Amendment 64: Should retail marijuana shops be limited to Colorado residents?
Once retail shops for recreational marijuana can open their doors in Colorado, who will actually be allowed to use them? This was one of the questions raised at a meeting yesterday of the Amendment 64 task force charged with making recommendations on implementing the new law. We'll likely see more debate over the next month on the question of whether retail pot shops should be limited to in-state residents.
These were the very preliminary debates that came up yesterday at the first meeting of the so-called "regulatory framework working group," -- a sub-committee of Governor John Hickenlooper's Amendment 64 Implementation Task Force, which he formed when he officially signed the measure into law last month.
The group, which held its first full meeting a few weeks ago, will make recommendations on everything from local control to consumer-safety issues to tax and funding policy. Its members have until the end of February to debate and present concrete policy suggestions on how the state can move forward with implementing legalization.

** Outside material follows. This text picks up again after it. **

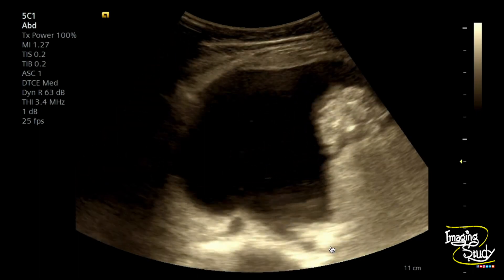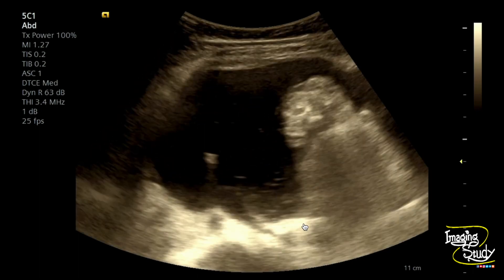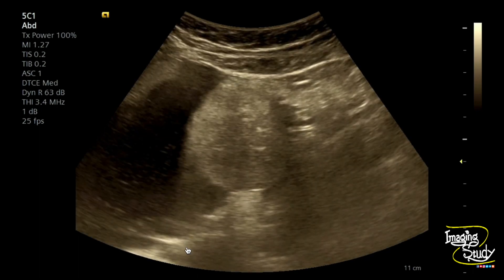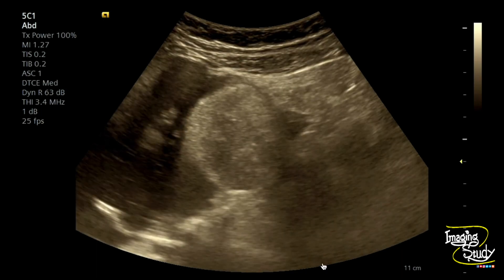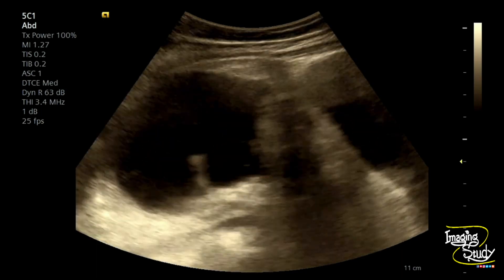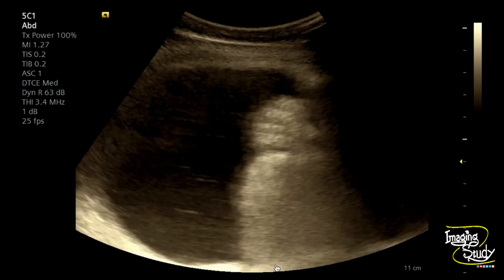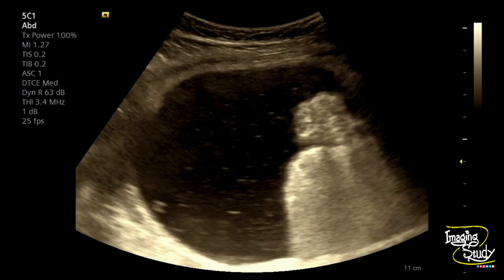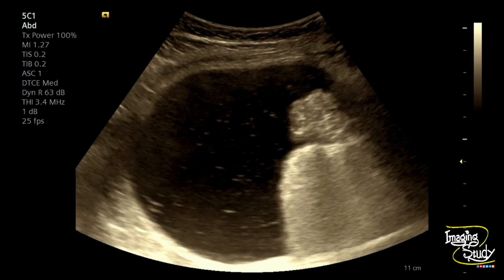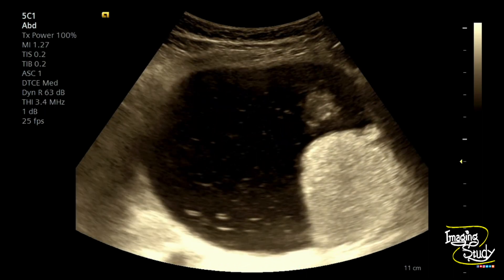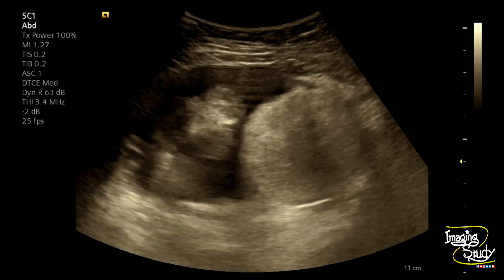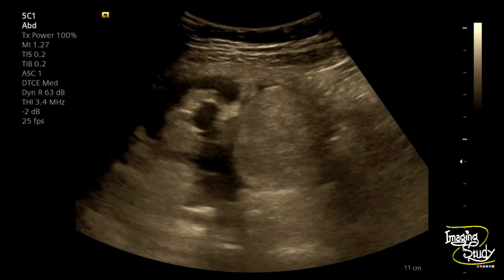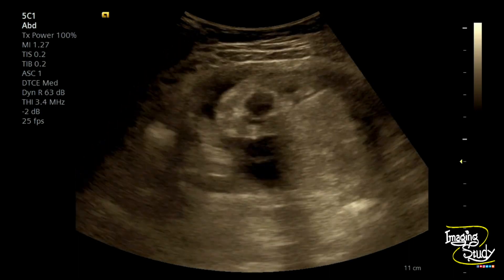If you look carefully, you may sometimes see echogenic components within this cystic area casting posterior acoustic shadows. These are calcified structures — possibly calcified bony components, or commonly dental structures like teeth. Overall, the lesion is unilocular with a smooth inner margin and no definite papillary projection.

Representative Dan Pabon, who is co-chairing the regulatory framework group, tells Latest World that one of the questions raised focused on what kind of requirements the state should have on those who can buy pot at retail joints.
Representative Dan Pabon at an Obama event last year.
"No decisions were made, of course, but the question is whether or not allowing non-Colorado residents to access the industry was going to basically cause the feds to step in," says Pabon, "because then this...[is] interstate commerce...and therefore crossing state boundaries."
As we've noted, A64 is set up such that lawmakers have to create the framework for retail establishments, meaning they would likely not be able to open their doors until 2014 at the earliest. This, however, has not stopped some local municipalities from passing ordinances in advance to ban commercial pot.
And the uncertainty of potential enforcement from the federal government, which maintains that marijuana is illegal, seems to be looming over some of the debates at the task force.
Pabon says he is still deciding what his recommendation will be regarding residency requirements.
"I haven't made up my mind on what the best public policy is," he says.
Mark Couch, a spokesman with the state's Department of Revenue who is now acting as a spokesman for the task force, says that the regulatory group briefly discussed residency requirements relating to both customers of the shops as well as those who will be operating them.
"They raised it as a question," he says. "It's something they want to discuss."
Inside the first task force meeting last month.
Pabon explains that his group is looking at the regulatory frameworks that exist for medical marijuana, gaming and liquor as potential models for setting up recreational marijuana.
One of the other major debates that emerged, he says, is around vertical integration -- whether these establishments should be allowed to both manufacture and sell their product. It's a complicated question, he says, because in the alcohol industry, vertical integration is not allowed -- i.e. Coors has a factory, but can't have a Coors liquor store -- and in the medical marijuana industry, this kind of integration is essentially required.
"This is the time to overview our other industries and what works and what doesn't," he says.
Many in his group, like him, are still working through these issues, he says. "I don't know if anyone came in with their minds made up."
Concerns around the contradictions of federal and state law are a part of the discussion at the regulatory group, he says. Specifics on federal enforcement, he says, "would certainly be a factor in whether or not we would adopt or fully consider a residency requirement."
In general, he says, there's a lot to be debated in a short amount of time -- but it's an important step for the state.
"It's exciting," he says. "This is a new frontier in Colorado. Hhaving the ability to set a foundation that protects the public safety and our children, but at the same time fulfills the intent of the voters, is something you don't get to do very often."